**Assignment**. Look through the records and copy each line with the string "hashtags" in it.

Collected data
· · · · ·

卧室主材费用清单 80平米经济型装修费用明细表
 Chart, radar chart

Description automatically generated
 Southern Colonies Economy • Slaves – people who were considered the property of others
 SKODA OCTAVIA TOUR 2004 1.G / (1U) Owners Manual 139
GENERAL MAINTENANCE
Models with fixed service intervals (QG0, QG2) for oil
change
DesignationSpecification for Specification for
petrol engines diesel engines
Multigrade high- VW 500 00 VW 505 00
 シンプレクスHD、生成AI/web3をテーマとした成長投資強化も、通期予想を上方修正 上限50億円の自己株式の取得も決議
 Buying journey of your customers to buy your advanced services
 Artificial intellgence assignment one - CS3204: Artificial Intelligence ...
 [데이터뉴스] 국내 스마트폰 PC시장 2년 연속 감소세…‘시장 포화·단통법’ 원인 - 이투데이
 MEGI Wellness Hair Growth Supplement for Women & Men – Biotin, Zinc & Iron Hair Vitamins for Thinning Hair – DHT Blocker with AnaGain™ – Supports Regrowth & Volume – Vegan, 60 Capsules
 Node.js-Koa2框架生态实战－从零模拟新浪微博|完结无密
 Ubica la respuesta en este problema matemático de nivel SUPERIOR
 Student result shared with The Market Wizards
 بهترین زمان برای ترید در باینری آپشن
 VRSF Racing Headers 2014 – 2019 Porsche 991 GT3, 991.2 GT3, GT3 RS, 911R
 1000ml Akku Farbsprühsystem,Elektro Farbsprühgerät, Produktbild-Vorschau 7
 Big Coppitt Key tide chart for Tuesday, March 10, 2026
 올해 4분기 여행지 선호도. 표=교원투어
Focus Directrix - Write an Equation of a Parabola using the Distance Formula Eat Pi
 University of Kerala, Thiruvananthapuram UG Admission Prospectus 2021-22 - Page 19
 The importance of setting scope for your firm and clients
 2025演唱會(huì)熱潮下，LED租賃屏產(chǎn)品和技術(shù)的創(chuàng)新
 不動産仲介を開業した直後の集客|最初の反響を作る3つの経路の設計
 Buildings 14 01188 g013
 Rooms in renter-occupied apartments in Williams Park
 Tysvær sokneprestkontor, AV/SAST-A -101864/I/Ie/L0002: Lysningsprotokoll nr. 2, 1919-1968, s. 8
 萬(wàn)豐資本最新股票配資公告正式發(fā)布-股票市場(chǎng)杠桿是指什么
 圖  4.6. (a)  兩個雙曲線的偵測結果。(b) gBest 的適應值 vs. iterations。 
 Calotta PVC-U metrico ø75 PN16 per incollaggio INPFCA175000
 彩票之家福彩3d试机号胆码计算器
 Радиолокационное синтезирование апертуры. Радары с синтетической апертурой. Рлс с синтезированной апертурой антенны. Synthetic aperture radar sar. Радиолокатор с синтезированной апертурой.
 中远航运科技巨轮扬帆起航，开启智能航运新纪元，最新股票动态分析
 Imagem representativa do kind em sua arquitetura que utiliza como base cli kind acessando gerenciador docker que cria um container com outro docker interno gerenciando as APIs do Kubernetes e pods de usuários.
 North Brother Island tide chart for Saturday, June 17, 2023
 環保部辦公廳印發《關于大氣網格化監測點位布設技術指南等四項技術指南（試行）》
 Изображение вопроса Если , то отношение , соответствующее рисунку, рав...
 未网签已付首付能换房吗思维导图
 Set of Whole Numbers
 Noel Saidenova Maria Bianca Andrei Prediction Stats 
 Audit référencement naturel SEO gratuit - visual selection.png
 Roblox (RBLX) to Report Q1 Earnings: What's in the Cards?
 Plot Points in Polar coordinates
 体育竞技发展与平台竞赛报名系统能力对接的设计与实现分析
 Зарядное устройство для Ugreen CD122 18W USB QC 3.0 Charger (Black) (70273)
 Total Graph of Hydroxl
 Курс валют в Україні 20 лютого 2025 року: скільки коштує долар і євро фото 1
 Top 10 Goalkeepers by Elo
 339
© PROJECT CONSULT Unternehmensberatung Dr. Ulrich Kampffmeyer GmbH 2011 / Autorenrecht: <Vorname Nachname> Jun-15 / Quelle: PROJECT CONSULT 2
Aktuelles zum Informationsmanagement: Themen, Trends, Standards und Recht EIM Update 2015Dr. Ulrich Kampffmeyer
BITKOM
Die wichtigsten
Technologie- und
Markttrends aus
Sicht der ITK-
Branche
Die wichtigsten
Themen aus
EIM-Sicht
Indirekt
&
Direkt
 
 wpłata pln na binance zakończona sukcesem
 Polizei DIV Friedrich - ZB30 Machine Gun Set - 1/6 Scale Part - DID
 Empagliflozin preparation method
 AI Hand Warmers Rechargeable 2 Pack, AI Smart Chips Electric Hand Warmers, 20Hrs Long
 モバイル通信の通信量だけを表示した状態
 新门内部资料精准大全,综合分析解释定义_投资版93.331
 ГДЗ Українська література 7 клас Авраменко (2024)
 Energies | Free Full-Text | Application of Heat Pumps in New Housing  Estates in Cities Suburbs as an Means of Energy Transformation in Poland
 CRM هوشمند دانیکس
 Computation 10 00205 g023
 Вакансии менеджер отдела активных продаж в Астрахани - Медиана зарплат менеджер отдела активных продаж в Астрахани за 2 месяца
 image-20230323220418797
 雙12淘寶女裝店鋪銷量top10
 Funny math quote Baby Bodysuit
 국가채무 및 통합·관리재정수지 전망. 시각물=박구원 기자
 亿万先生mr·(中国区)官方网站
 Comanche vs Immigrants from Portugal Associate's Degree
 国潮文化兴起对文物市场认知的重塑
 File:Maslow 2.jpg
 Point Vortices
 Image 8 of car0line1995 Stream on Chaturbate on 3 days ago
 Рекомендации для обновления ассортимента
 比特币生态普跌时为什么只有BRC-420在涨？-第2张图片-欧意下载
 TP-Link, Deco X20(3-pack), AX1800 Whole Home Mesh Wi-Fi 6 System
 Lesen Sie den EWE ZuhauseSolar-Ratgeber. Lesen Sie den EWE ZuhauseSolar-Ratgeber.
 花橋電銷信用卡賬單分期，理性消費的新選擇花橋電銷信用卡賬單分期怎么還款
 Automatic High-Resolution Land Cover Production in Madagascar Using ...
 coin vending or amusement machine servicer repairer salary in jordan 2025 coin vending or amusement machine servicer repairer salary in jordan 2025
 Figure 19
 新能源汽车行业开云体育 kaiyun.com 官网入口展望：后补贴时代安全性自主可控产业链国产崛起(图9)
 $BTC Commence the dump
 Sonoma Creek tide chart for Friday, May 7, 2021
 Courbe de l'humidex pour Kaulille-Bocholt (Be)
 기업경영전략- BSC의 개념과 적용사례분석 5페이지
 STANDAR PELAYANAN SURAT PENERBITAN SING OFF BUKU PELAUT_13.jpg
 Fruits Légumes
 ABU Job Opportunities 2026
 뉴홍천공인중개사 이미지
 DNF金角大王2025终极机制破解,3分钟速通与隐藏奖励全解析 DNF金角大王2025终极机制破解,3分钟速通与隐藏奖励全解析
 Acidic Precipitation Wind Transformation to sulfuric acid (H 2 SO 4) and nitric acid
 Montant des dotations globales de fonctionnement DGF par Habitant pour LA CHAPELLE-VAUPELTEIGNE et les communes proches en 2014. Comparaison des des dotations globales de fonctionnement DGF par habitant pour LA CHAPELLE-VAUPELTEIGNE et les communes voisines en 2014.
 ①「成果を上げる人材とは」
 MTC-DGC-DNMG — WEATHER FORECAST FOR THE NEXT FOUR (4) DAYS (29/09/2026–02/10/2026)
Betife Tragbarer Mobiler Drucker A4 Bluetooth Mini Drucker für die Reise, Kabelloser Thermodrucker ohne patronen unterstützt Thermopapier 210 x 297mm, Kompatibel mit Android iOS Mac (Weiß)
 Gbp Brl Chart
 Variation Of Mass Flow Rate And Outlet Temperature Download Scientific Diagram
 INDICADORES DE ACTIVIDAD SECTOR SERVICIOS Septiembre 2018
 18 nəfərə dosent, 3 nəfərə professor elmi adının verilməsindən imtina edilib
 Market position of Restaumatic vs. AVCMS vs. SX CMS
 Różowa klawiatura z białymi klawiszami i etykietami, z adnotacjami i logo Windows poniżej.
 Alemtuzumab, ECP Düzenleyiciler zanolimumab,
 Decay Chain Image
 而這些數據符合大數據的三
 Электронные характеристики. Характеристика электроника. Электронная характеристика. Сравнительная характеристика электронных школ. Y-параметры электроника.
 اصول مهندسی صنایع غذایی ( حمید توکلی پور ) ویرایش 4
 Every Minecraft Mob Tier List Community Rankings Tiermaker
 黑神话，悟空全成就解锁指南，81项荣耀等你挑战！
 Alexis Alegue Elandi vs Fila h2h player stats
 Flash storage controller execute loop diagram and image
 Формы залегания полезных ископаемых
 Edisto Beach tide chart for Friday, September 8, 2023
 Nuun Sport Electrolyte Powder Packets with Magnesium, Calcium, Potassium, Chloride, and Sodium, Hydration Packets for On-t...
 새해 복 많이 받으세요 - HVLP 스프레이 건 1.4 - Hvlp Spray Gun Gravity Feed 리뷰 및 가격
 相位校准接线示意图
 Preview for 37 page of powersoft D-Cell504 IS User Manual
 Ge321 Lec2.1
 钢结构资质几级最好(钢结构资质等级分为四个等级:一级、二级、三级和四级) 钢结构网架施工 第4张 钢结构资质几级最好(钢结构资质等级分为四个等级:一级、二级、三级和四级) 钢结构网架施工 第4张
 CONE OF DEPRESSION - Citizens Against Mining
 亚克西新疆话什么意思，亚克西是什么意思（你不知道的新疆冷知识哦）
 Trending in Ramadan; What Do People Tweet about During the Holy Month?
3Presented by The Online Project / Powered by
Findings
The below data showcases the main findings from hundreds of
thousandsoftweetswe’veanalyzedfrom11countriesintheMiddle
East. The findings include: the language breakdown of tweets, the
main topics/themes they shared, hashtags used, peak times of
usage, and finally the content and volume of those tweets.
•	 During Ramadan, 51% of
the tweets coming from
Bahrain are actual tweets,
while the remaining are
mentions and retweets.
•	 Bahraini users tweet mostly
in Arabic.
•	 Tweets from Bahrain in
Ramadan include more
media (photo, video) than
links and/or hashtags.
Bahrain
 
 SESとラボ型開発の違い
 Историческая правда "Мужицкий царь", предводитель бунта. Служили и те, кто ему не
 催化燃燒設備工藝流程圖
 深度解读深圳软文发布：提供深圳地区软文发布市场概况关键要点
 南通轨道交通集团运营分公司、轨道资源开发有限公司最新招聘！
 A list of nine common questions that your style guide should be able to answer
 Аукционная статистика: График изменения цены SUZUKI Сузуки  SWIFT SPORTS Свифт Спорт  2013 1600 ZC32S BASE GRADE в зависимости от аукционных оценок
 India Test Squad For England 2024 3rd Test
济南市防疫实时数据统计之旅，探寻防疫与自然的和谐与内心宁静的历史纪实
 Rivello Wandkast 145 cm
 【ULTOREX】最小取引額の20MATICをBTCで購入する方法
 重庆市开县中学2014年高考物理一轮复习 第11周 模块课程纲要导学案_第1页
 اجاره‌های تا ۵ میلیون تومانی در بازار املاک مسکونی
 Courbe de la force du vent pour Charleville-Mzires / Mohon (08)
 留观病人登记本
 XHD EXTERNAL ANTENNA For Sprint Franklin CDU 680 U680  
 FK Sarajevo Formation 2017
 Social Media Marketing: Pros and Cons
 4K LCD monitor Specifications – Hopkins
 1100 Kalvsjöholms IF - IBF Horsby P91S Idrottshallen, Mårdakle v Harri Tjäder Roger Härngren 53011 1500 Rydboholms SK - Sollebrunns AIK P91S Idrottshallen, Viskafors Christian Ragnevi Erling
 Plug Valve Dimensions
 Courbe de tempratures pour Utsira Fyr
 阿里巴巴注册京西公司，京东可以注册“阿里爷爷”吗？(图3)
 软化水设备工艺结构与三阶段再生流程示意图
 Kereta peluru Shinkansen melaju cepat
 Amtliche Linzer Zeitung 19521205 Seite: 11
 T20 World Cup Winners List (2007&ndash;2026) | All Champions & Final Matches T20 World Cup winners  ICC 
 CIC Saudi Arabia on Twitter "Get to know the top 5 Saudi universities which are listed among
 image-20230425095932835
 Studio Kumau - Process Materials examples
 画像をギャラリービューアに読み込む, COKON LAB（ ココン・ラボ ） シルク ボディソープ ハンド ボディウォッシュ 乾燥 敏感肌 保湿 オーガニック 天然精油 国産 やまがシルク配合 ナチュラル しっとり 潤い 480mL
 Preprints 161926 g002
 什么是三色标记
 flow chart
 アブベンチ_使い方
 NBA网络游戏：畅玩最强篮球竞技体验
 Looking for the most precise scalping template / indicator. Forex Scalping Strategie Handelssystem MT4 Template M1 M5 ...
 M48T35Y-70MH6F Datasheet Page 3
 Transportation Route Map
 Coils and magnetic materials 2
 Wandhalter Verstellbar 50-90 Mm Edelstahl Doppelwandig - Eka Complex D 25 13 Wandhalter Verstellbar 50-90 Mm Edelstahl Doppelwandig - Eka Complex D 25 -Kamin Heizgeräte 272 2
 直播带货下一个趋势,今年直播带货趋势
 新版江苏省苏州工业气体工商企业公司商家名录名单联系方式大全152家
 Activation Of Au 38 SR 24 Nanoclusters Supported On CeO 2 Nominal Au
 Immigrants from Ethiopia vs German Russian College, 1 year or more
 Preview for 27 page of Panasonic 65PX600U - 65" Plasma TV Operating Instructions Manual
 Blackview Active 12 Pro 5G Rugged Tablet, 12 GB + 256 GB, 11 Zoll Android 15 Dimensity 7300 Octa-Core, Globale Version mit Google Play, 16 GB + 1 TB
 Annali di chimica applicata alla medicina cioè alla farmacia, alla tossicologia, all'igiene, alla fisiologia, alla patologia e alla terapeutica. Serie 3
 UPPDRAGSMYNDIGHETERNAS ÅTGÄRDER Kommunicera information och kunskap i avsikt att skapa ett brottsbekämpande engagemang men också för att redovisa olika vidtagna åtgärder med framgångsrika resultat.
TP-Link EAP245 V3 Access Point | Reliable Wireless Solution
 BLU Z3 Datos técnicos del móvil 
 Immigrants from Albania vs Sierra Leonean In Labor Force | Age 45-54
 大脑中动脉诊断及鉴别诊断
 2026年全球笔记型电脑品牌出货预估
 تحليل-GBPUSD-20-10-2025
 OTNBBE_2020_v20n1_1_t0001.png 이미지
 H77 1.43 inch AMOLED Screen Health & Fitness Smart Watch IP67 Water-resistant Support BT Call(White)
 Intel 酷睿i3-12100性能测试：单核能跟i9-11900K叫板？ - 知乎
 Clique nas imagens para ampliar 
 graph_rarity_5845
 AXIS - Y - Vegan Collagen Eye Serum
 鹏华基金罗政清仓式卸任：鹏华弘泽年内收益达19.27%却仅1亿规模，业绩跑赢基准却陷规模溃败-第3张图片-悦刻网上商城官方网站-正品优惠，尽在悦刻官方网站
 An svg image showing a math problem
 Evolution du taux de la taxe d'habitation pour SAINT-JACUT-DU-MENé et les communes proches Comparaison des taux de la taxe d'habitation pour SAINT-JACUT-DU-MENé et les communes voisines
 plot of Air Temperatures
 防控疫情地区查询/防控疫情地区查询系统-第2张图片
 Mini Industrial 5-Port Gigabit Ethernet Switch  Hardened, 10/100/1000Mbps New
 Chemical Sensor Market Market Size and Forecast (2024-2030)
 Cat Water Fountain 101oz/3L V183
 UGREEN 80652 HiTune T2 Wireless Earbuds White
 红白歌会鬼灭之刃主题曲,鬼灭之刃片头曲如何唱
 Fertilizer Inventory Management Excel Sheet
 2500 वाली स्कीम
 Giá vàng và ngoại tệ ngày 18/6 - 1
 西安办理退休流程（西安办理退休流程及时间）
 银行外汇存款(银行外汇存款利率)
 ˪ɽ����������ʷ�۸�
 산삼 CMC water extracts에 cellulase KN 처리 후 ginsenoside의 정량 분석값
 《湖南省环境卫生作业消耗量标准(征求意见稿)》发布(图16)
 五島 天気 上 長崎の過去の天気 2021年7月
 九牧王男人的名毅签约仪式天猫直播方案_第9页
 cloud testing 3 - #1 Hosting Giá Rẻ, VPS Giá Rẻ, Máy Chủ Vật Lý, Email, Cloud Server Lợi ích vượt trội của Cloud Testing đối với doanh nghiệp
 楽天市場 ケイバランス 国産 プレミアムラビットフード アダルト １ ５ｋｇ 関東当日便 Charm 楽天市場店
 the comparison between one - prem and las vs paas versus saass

· · · · ·

**Reply to the task**.
main topics/themes they shared, hashtags used, peak times of
links and/or hashtags.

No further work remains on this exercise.